On the other hand, real estate expert Qais Al-Ghanim pointed out that discussing the economic impact of the decision is premature, as it requires at least six months to study the repercussions and analyze results. He explained that the real estate and economic benefits of these facilities are no less important than regulating the entry into and exit from the country, which guarantees national security. He stressed that the laws and facilities in general are necessary to revive the local economy on one hand, and regulate the mechanism for bringing in expatriates on the other hand, pointing out that the decision of the government to open visit visas (family, tourist and business) and its commitment to tighten security by imposing penalties on sponsors and manipulators among visitors will have the most significant impact on the growth and sustainability of the national economy, citing the efforts of the Ministry of Interior, led by Minister Sheikh Fahad Al-Yousef, in creating integrated laws and regulations to manage this file. He pointed out that the decision will contribute to stimulating the real estate market, particularly the hotel, apartment and commercial sectors, including restaurants, cafés and others, by stimulating purchasing activity.

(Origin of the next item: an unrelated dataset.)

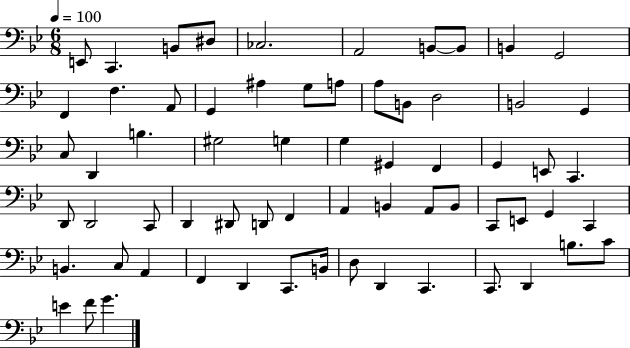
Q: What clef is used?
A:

He added that the continuation of the implementation of the decision depends on the success of the experiment in the next few months. Another real estate expert, Abdulaziz Al-Dughaishim, confirmed that opening visit visas restored the confidence of real estate investors in the investment sector, especially in projects directed at visitors and temporary workers. He stated this trend opens the door for the development of more hotel apartments and furnished units, and expands investment in areas with high population density and diverse services, thereby strengthening cooperation between real estate companies and the tourism and hospitality sectors. He underscored the need to implement these decisions for a long period, as continuous growth in real estate investments depends on State policies related to regulating labor, facilitating residency, and expanding the base of beneficiaries of visit visas.

“If these decisions are implemented within a limited period, the impact could be temporary and not enough to address the problem of vacant apartments, which still constitute about 18 percent of the total housing units in the country. The latest statistics from the Public Authority for Civil Information (PACI) revealed that the total number of housing units in the country has reached about 796,620 143,725 of which are vacant. Opening various types of visit visas will revitalize the short- and medium-term rental markets, which will directly impact real estate transactions and lead to about a seven to 10 percent increase in rents due to increased demand for furnished apartments and investment housing close to services and shopping centers,” he explained.

Real estate broker and appraiser Mohammad Al-Sagheer affirmed the importance of opening visit visas and facilitating the recruitment of expatriates and family reunification to stimulate real estate investment activity in terms of rentals and residential unit occupancy. He said the increased demand for apartments will lead to a seven to eight percent increase in rents in the future. “For example, small apartments measuring 60 square meters in an area like Hawally currently rent for about KD280. With the opening of visit visas, it is expected to stabilize at KD300, while the rent for similar apartments in Salmiya could reach KD325 to KD330. These options will support the investment sector, thus, increasing the sales rate for investment properties, which ranges between six to 6.25 percent, and will lead to an increase in the sales price and stabilize the rate,” he added.